→ Exercise directions: Copy the data that follows exactly, and include none of its images.

→ Data provided:

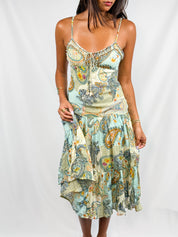 Derhy 2000s Mint Paisley Beaded Lace-Up Tiered Midi Dress - XS/S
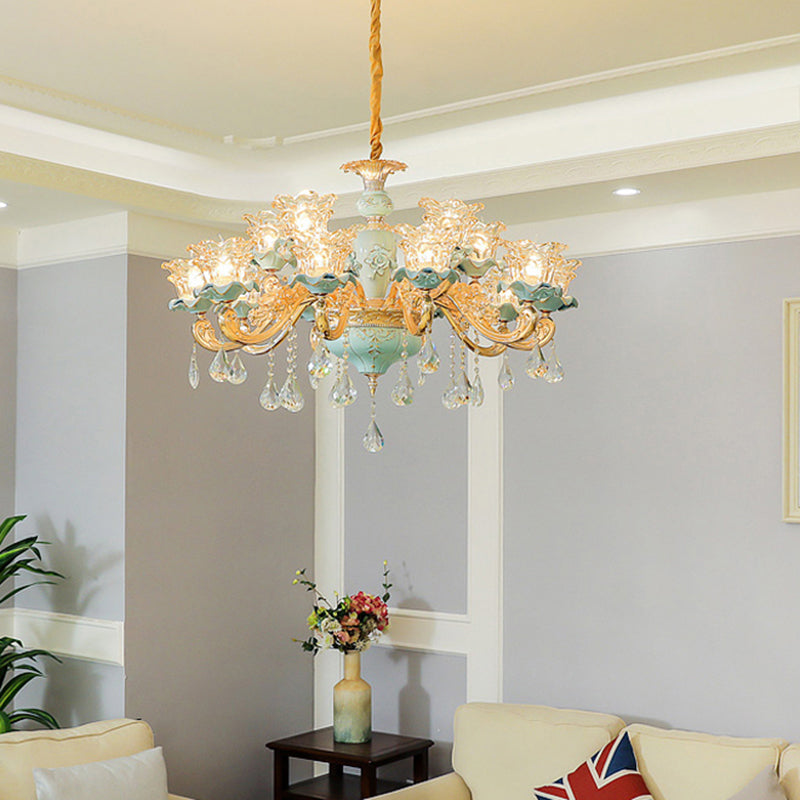 Vintage Ruffle Glass Flower Chandelier With Hanging Crystal - Blue Pendant Light For Living Room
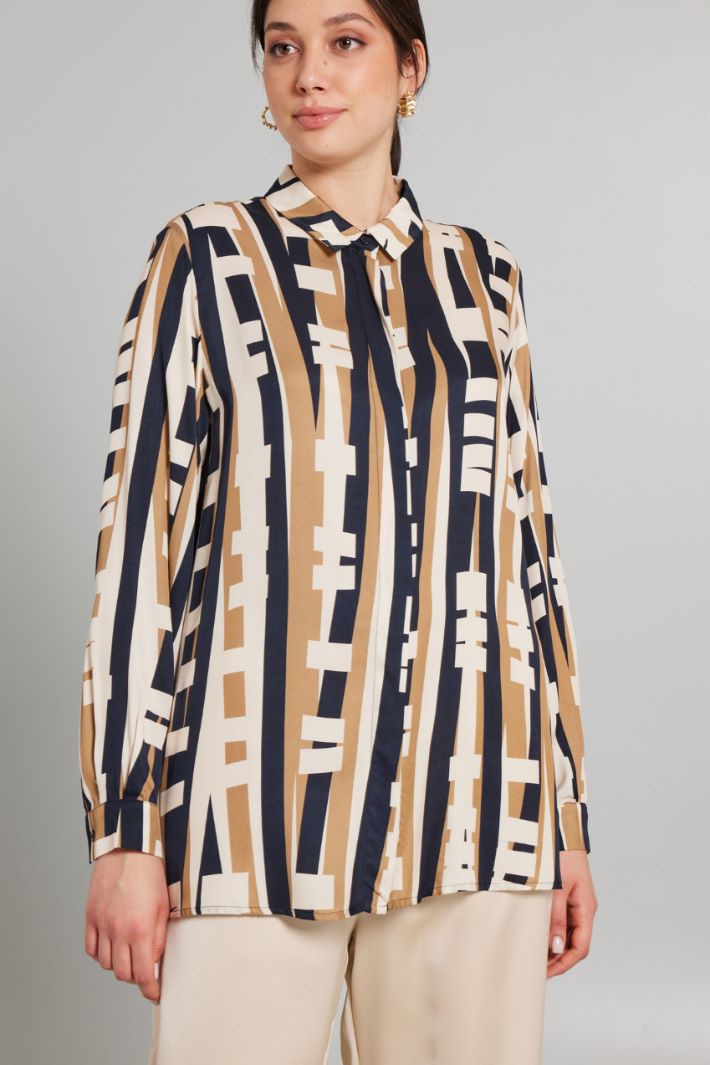 Camicia in twill di viscosa - BLU CAMMELLO LATTE - Fashion Market - 2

→ Expected answer:
 Derhy 2000s Mint Paisley Beaded Lace-Up Tiered Midi Dress - XS/S
 Vintage Ruffle Glass Flower Chandelier With Hanging Crystal - Blue Pendant Light For Living Room
 Camicia in twill di viscosa - BLU CAMMELLO LATTE - Fashion Market - 2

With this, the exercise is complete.